家族行事に込める思い

私が子供の頃は、毎年盆と正月に愛知県のおばあちゃんの家に行くのがイベントでした。

愛知県では、八幡様の夏祭りに行ったり、蒲郡のお寺にお参りに行ったりと、普段遊びに連れて行ってくれない親との数少ない思い出でした。

高校生になり、見渡す限りの田園風景や、真っ青で広い空という田舎の風景を退屈に思い始めてからは、愛知県に帰ることは少なくなりました。

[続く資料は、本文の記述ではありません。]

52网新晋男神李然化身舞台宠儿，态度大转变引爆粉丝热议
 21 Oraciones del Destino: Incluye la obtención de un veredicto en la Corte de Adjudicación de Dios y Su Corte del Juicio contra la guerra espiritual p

そして、大学に入り、いっちょ前に彼女なんかを作ってからは、帰ることは全くなくなってしまいました。

大学を卒業し、就職して社会人と呼ばれるようになってからは、なぜか夏になると田舎に帰りたくなりました。

もしかしたら、自分のルーツを求めていたのかもしれません。

私にも子供が産まれ、祖母に子供を見せに行くのが、今では夏の大切なイベントになっています。

私が子供の頃に楽しみにしていた夏祭りを、娘が楽しみにしていて、私と同じように詰め放題300円のフライドポテトに真先に向かう様子に、血のつながりの不思議さを感じます。

さて、結婚し子供が産まれた今の我が家族にはもう一つ、冬にイベントがあります。

群馬県に「達磨寺」があるのですが、新年になると、そこに達磨を納め、新しい達磨を買うのです。

途中でご飯を食べたり、藤岡の道の駅で遊んだりする一日、日帰りのイベントです。

お昼ごはんに「源氏家族」という店に入るのが、私にとってはちょっとした楽しみです。

達磨寺は、会社の旅行で初めて行って、存在を知りました。

その時は普通の達磨一つと、妊娠中だった妻のために安産の達磨を買って、産後に母子の健康を報告するために達磨を納めました。

その後、もう一つの達磨を家族で納めたのがきっかけで、私にとっては家族のための大切な時間となっています。

子供のうちは、愛知県に帰るという家族のイベントはとても楽しみで、私にとっては夏がくるのが待ち遠しかったことを思い出します。

車で6時間の道のりで、朝5時出発でも、興奮して眠れなかったです。

今、娘は楽しみにしてくれている家族のイベントでも、いつかは、家族や親よりも、友達や大切な人をとり、家族のイベントはなくなってしまう時が来るのです。

私がそうだったように。

でも私は、こうして家族としてのイベントを作りたいのです。

共通の思い出が、家族を作ると思うからです。

そい思うに至ったのは2つの経験からです。

小学校の頃、仲の良かった友達が転校してしまい、夏休みのような大きな連休がないと遊べなくなってしまったことがありました。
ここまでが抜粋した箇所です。